Unfortunately we do not have Active sessions metric - this would be more useful. But still, a typical OLTP application has a more or less predictable number of connections to the DB. Generally we put a hefty margin in the DB - having SESSIONS parameter set to at least double the typical usage. However, it cannot be unlimited - every session is an OS process (unless DRCP is set up), and every process means memory. So if you set SESSIONS double your normal usage, your warning and critical can go around 60 and 80% of the value you set in the DB. A sudden change may be an indication of:

  • application-level connection leak, usually occurring after fresh deployment - which can happen at any time with CI/CD. Depending on how popular the piece of code that leaks sessions is, it may be quite rapid - and exhaust the database SESSIONS in minutes, even seconds; or it can be slow and take days to detect.
  • broken execution plan of a popular query. Now this is bad, as it can exhaust the CPU or IO capacity of the instance quite rapidly. Even worse, it can come out of the blue - even a system running stable for months can suddenly break as a result of fresh stats being gathered, a change in data distribution, some DDL expiring a cursor, an automatic resize of the spared pool, or the moon going into Aquarius.

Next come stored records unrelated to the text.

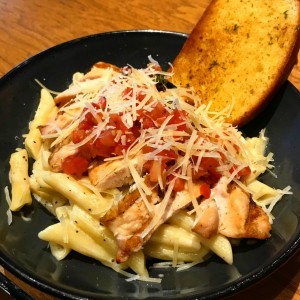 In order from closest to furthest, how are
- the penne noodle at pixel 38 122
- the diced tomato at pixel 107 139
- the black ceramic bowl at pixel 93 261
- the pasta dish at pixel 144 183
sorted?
the black ceramic bowl at pixel 93 261
the pasta dish at pixel 144 183
the diced tomato at pixel 107 139
the penne noodle at pixel 38 122

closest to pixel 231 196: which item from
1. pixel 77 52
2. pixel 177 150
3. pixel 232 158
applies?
pixel 232 158

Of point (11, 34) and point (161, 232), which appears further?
point (11, 34)

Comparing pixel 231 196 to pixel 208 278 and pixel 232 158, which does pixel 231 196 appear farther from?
pixel 208 278

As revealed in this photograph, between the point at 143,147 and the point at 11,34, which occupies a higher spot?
the point at 143,147

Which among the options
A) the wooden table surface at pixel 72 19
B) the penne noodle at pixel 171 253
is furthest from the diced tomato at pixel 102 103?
the wooden table surface at pixel 72 19

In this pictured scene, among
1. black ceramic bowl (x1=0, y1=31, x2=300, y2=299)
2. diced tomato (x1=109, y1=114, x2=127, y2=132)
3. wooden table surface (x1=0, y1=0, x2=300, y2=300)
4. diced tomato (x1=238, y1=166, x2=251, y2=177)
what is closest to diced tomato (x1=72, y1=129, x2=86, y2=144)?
diced tomato (x1=109, y1=114, x2=127, y2=132)

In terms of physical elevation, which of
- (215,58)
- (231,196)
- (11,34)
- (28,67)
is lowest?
(11,34)

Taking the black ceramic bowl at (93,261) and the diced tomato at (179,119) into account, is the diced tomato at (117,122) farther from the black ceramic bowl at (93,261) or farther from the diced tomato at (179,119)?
the black ceramic bowl at (93,261) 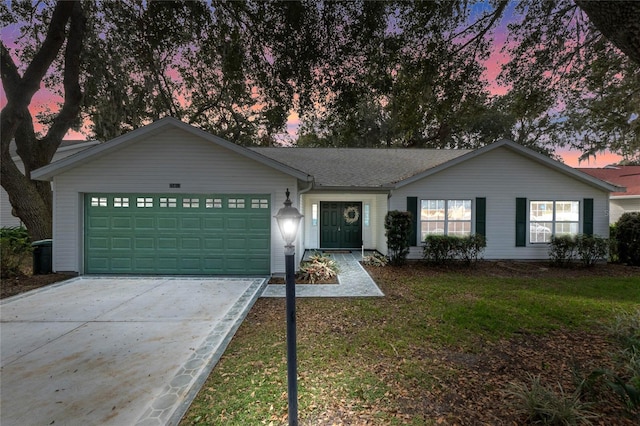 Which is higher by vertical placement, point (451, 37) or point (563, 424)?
point (451, 37)

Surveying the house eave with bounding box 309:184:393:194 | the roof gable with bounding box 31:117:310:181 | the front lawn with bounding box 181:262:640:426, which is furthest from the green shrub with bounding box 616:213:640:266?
the roof gable with bounding box 31:117:310:181

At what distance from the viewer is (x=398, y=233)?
8.87 m

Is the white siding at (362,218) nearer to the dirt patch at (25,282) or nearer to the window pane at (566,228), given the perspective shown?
the window pane at (566,228)

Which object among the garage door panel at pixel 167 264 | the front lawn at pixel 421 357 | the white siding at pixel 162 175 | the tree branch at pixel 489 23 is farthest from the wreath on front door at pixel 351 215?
the tree branch at pixel 489 23

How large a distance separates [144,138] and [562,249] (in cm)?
1284

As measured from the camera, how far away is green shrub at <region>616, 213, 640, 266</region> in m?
8.81

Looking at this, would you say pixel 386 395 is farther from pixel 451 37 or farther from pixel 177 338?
pixel 451 37

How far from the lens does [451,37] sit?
5.53m

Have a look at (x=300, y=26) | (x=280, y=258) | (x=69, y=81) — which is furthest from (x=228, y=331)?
(x=69, y=81)

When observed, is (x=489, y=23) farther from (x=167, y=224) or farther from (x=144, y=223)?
(x=144, y=223)

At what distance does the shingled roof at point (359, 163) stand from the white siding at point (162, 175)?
2288 millimetres

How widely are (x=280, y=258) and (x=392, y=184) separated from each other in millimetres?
4437

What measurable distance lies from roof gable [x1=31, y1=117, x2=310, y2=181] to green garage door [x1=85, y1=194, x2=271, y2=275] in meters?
0.94

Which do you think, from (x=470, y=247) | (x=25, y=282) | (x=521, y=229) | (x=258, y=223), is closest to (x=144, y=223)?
(x=25, y=282) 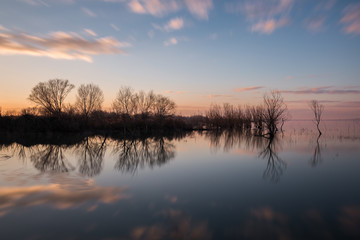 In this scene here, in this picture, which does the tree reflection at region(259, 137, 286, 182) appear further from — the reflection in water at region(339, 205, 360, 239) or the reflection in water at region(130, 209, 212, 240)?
the reflection in water at region(130, 209, 212, 240)

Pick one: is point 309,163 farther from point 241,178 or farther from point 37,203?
point 37,203

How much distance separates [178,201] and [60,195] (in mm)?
3339

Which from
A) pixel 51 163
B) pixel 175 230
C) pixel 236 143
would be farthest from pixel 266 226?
pixel 236 143

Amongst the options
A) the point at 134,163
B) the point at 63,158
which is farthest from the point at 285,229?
the point at 63,158

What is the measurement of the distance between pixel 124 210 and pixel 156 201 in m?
0.92

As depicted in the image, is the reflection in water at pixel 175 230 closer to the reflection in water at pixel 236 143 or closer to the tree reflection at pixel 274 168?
the tree reflection at pixel 274 168

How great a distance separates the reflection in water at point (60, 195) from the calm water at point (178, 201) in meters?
0.03

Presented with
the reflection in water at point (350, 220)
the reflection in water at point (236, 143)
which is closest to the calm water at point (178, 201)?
the reflection in water at point (350, 220)

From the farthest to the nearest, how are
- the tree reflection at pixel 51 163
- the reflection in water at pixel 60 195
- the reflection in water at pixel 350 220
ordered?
the tree reflection at pixel 51 163 → the reflection in water at pixel 60 195 → the reflection in water at pixel 350 220

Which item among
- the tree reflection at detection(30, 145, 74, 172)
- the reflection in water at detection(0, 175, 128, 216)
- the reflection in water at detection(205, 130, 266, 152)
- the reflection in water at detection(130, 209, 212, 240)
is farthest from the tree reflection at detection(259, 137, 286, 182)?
the tree reflection at detection(30, 145, 74, 172)

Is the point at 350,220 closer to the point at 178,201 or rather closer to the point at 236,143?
the point at 178,201

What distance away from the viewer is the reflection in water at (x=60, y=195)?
5182 mm

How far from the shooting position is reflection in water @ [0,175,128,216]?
5182 millimetres

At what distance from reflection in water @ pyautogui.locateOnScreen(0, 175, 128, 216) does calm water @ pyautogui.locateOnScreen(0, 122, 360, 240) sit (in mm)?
25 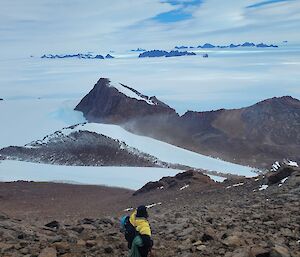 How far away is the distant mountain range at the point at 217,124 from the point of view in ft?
192

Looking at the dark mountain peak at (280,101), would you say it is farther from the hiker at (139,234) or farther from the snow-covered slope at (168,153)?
the hiker at (139,234)

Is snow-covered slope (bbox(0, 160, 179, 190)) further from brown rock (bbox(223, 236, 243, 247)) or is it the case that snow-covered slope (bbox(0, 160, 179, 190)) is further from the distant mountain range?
brown rock (bbox(223, 236, 243, 247))

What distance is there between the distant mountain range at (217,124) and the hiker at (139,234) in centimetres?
4668

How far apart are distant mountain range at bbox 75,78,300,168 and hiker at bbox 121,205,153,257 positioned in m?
46.7

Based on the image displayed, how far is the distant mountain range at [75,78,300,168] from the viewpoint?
58.4 meters

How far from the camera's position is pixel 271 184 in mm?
17312

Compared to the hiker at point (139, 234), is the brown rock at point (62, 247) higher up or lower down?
lower down

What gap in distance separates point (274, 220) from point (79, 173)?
25.9 m

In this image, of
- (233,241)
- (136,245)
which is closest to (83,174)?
(233,241)

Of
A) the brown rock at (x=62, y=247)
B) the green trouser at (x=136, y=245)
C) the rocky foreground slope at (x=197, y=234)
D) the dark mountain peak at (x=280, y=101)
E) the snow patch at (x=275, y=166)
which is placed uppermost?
the green trouser at (x=136, y=245)

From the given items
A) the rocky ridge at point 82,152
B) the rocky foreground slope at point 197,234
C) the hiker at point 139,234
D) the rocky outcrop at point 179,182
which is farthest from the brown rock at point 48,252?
the rocky ridge at point 82,152

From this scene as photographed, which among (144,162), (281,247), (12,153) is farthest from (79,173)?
(281,247)

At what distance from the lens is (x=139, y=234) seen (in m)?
6.86

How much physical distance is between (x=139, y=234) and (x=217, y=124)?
2424 inches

In all cases, a typical app will start adding more and more connections to the DB, trying to compensate for the stalling ones. If you are lucky, you can detect the increase of sessions before any business impact.
  • locking in the database. Locks do not waste notable amount of CPU or IO. However, locks on very popular table can put your app’s session pool dry in minute, even seconds - depends on how popular the locked resource is. (as a side note, Oracle Resource manager can kill idle sessions who block others for given time - neat feature for fighting application bugs and/or humans forgetting to commit before going out for lunch. With Oracle 20c and up, there is even a DB parameter for it)

Conclusion

For an experienced Oracle DBA, CloudWatch Alarms is a great tool with lots of options and a shallow learning curve. With SNS integration, the sky is the limit for notifications. And, like with every monitoring and alerting tool, the devil is in the thresholds. Don't forget the danger of alarm fatigue.